Airlines want more corporate customers. Is this the best way to treat them?
Written by Chris Matyszczyk, Contributing Writer

They went after the money, not the customer.

(A screenshot from a Delta video.)

Chris Matyszczyk/Screenshot


It's something everyone craves, secretly or not.

It's something airlines want customers to have.

It's something airline customers want to feel as they separate themselves from the riff and the raff.

Recently, though, it seems that too many airline customers have been elevated to exalted levels. Which has left airlines scrambling to please them.

Delta, for example, has had to restrict how many of its more elevated customers it can allow into its lounges.

And now, the airline has quietly pierced their egos in a truly unseemly way.

As the Points Guy reported, Delta has demoted its Diamond Medallion members to a frankly painful level. Now, they're no longer allowed to board with passengers sporting the very fanciest threads and flying in the fanciest seats. Instead, they will be relegated to taking their seats just before the truly déclassé of premium economy.

You might chuckle at their pain. Please remember, though, that many of these Diamond Medallion members are the very corporate travelers airlines claim they crave to see again.

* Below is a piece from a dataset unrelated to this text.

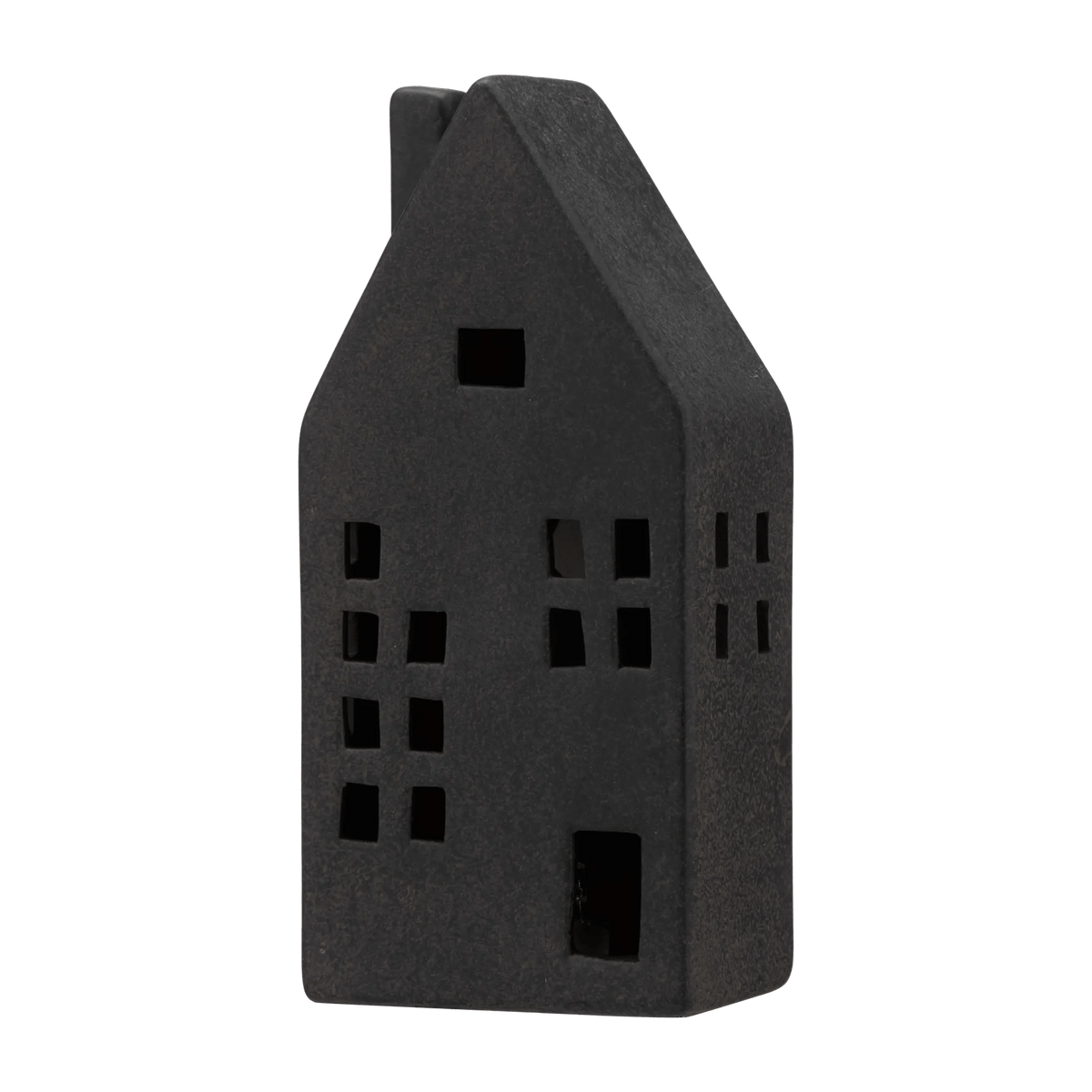 Maison noir à DEL en céramique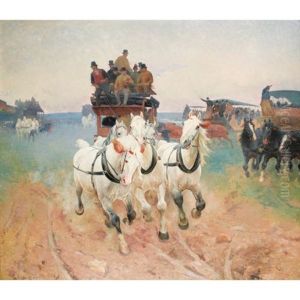 Retour Des Courses by Karl Georg Arsenius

Perhaps that's why Delta attempted to characterize this as "a minor boarding update" rather than a crushing of the road warrior's delicate soul.

You express your loyalty time and time again to an airline with the expectation that you'll be getting special treatment for your troubles.

Instead, an actual overt -- um, minor -- demotion.

May I pause to offer how Delta describes the Medallionists?: "Medallion Members are our most loyal customers."

Worse, for some, will be the airline's excuses -- I'm sorry, I meant explanations -- for this sudden move. Delta says it prevents any of these Medallionists from quickly sullying the Economy parts of the plane, thereby (supposedly) giving the cabin crew a few more minutes to clean up and prepare after the previous flight.

Some might struggle with this logic. After all, priority boarding is given to the frail and families with children. Is Delta saying the the Medallionists sully planes more than, say, a four-year-old?

Delta's second reason may be slightly more persuasive. Slightly. The airline says there's now so much more congestion at the gate, with a plethora of the status-ridden desperate to get on the plane as soon as they can.

This way, the airline can -- possibly -- create a little more space. Yet isn't the truth that, at so many gates, everyone mills around in an entirely unstructured way, blocking everyone else who's milling around in an entirely desperate way?

Could it be, in fact, that the truly monied passengers flying in First Class or Delta One complained about having to board with (to them) the lowly Medallionists?

Also: A Delta customer asked for basic service. Instead, a raving Twilight Zone

Delta claims that demoting the Medallionists still means they get a "preferential boarding experience." Yes, but not as preferential as it used to be. Which can only pierce their sometimes fragile self-worth and make them question their devotion to what used to be America's premium airline.

There's little worse than thinking you've finally made it, committing yourself so many times to a brand and then having that feeling punctured, never quite to return. Instead of boarding along with the richest, those who have paid the most exalted prices for the most comfortable seat possible, the Medallionists will watch as they stroll ahead.

I fear disaffection. I fear frustration. I also fear, though, that Delta doesn't yet have a rival that quite matches its brand image. Although Delta's has swiftly plummeted in recent times from, say, diamond toward landscape rock.

Perhaps United Airlines will take over the mantle of America's best airline for customer service and sensitive road warrior privileges. 

I know. Who'd have ever imagined that?